Unsere Nachbarin hat in ihrem Miniteich der auch nicht grösser ist als deiner einige Moderlieschen schwimmen. Sie haben den Winter gut überstanden. 
Da sich die Moderlieschen eigentlich gut vermehren hat sie die Option ein Zuviel von diesen lustigen Gesellen wieder zurück in unseren Teich zu geben.Vielleicht bietet sich dir in deiner Nachbarschaft ja auch so eine Möglichkeit?
Im Sommer sollte man darauf achten, dass das Wasser eine Temperatur von ~ 21 °C nicht übersteigt, denn das mögen diese Fische nicht, dann sterben sie.


----------



## toco (28. Apr. 2010)

*AW:  moderlieschen*



Doris schrieb:


> Hallo Elke
> (...)
> Im Sommer sollte man darauf achten, dass das Wasser eine Temperatur von ~ 21 °C nicht übersteigt, denn das mögen diese Fische nicht, dann sterben sie.



@Doris
In meinem Teich war das Wasser im Sommer 2009 bestimmt wärmer als 21°C, zumindest in den oberen Schichten, in denen sich die Moderlieschen aufhalten. Ausfälle hatte ich glücklicherweise nicht zu beklagen. Im Gegenteil, die Moderlieschen machten sogar einen richtig fitten Eindruck. Meine scheinen wohl etwas wohl widerstandsfähiger zu sein. 

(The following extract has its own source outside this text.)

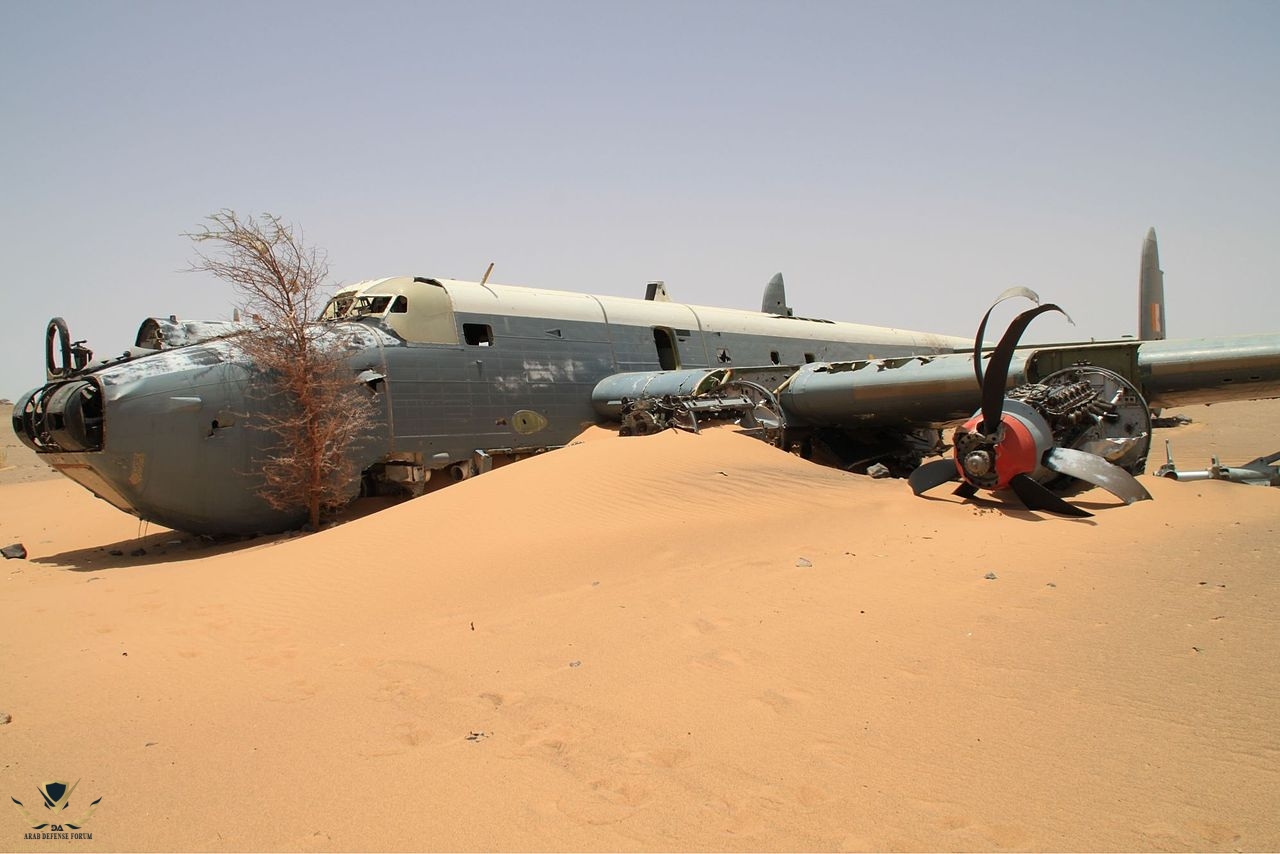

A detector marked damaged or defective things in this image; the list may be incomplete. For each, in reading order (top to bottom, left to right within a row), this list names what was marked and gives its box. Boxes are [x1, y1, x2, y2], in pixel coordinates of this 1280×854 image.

damaged propeller [904, 290, 1152, 520]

Vielleicht spielt da aber auch der Saustoffgehalt des Wassers noch eine Rolle.


----------



## elkop (29. Apr. 2010)

*AW:  moderlieschen*

danke! das beruhigt mich nun doch ein bissl. habe mittlerweile auch geklärt, dass ich ein eventuelles "zuviel", aber auch die vier, sollte ich sie nimmer mögen, oder vor dem winter, wieder zurückerstatten kann.


----------



## Moderlieschenking (29. Apr. 2010)

*AW:  moderlieschen*

Hallo Elke,
also ich hab meine Moderlieschen so lieb gewonnen, daß ich sie nicht mehr hergeben
würde.Alleine Abends wenn sie aus dem Wasser hüpfen und Insekten fangen,
das ist jedesmal eine Freude. Nur sollte man sie im Schwarm halten ( minimum 10) .
Ansonsten viel Freude mit deinen neuen Teichbewohnern.
Liebe Grüße Markus


----------



## Doris (29. Apr. 2010)

*AW:  moderlieschen*

Hallo Elke

ich würde nun aber nicht loslaufen und noch weitere 6 in deinen Teich setzen um einen Schwarm von 10 voll zu bekommen.Da sie sich sehr rasch und reichlich vermehren hättest du sehr schnell ein Überangebot an Moderlieschen. Die regeln das schon von alleine, dass sie schneller mehr werden als dir eigentlich lieb ist.


----------